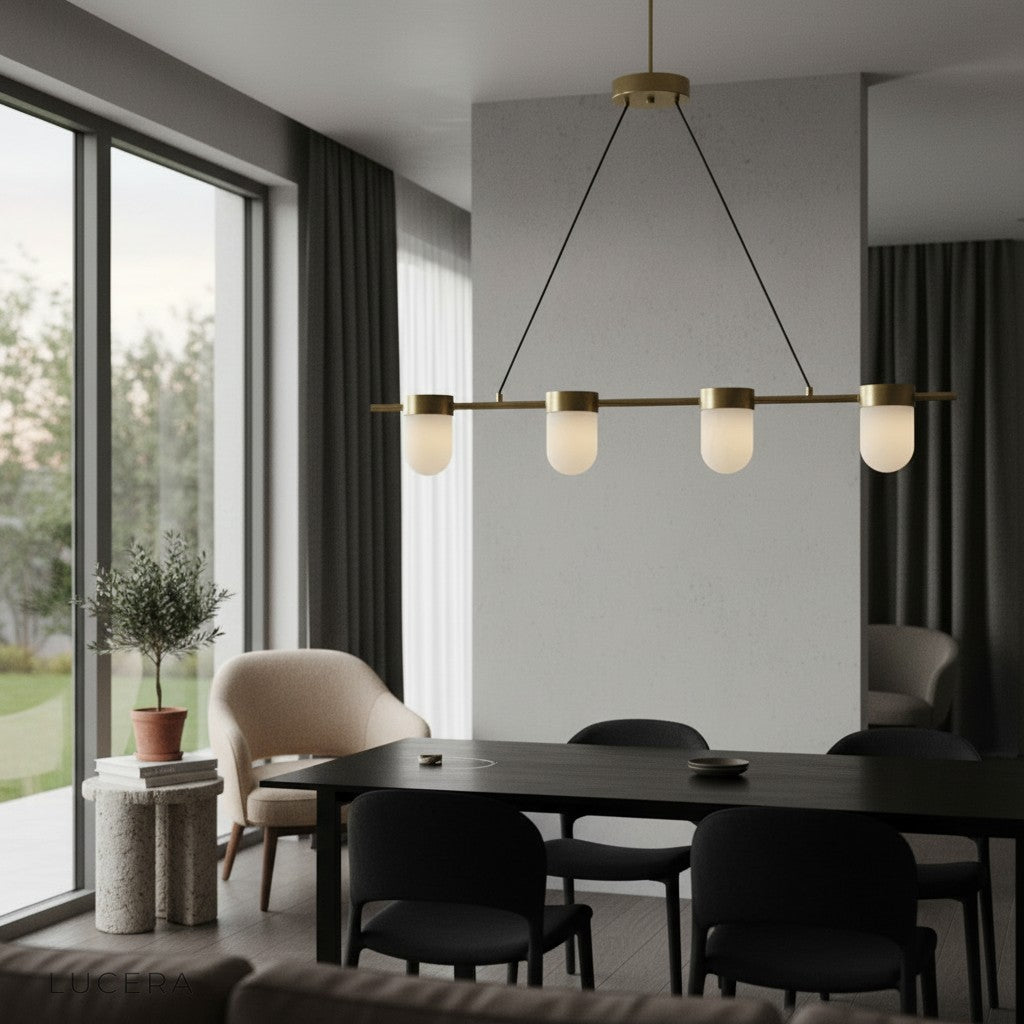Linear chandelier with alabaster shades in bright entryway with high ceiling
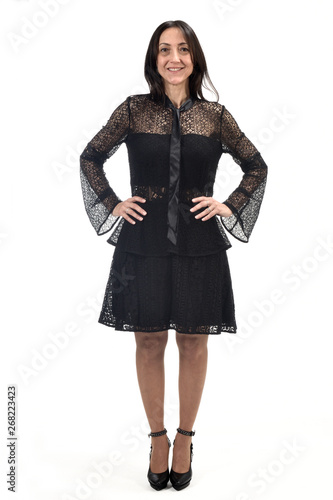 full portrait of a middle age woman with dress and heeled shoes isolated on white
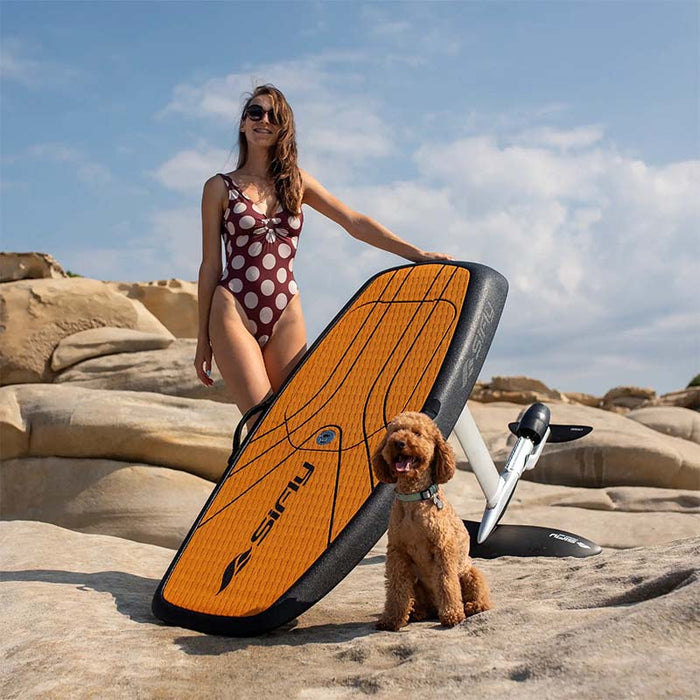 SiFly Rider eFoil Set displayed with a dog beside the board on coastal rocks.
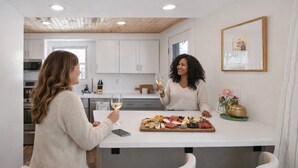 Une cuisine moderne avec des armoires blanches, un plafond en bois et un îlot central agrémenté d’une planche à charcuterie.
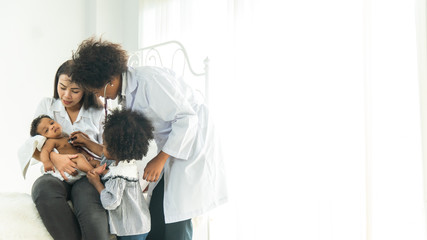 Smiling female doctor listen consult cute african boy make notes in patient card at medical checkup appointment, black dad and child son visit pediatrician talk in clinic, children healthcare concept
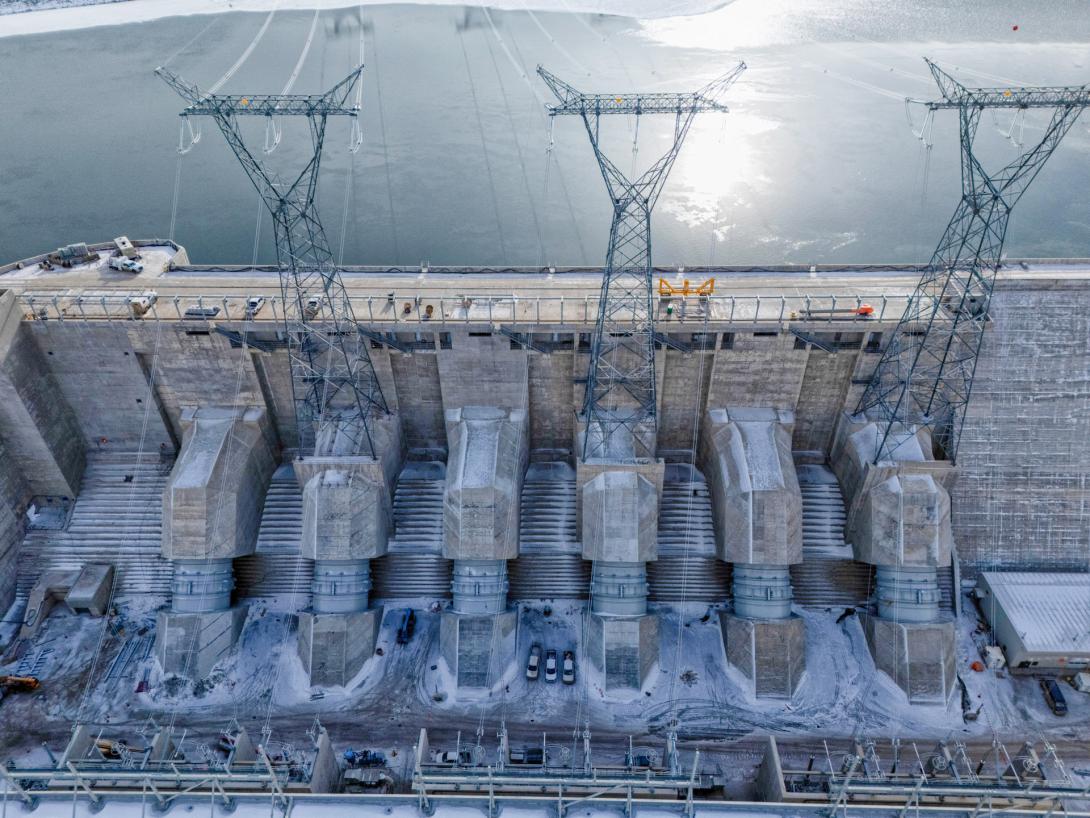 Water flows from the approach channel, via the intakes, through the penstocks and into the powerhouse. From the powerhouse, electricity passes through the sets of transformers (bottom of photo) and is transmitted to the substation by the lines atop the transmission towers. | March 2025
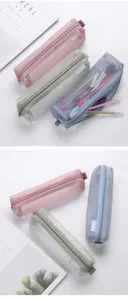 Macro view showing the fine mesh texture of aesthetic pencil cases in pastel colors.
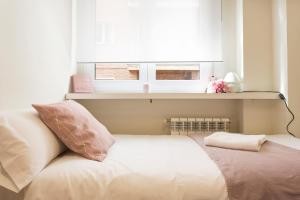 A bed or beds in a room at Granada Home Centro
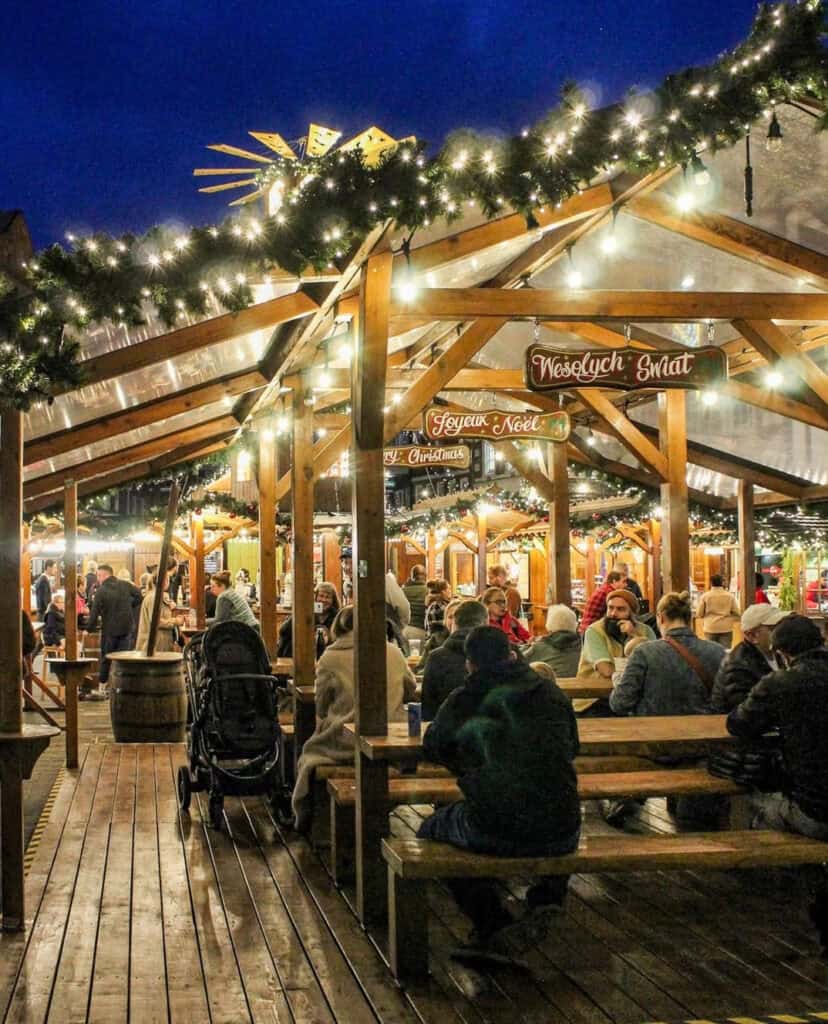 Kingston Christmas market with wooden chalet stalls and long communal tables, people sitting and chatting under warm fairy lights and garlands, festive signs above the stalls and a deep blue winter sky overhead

☆ ☆ ☆ ☆ ☆ ☆ ☆

▶ [Required work]: What's needed is an exact copy of the records above from the line containing "full portrait of" down to the line containing "Une cuisine moderne", both included, without any pictures.

▶ [Your response]:
 full portrait of a middle age woman with dress and heeled shoes isolated on white
 SiFly Rider eFoil Set displayed with a dog beside the board on coastal rocks.
 Une cuisine moderne avec des armoires blanches, un plafond en bois et un îlot central agrémenté d’une planche à charcuterie.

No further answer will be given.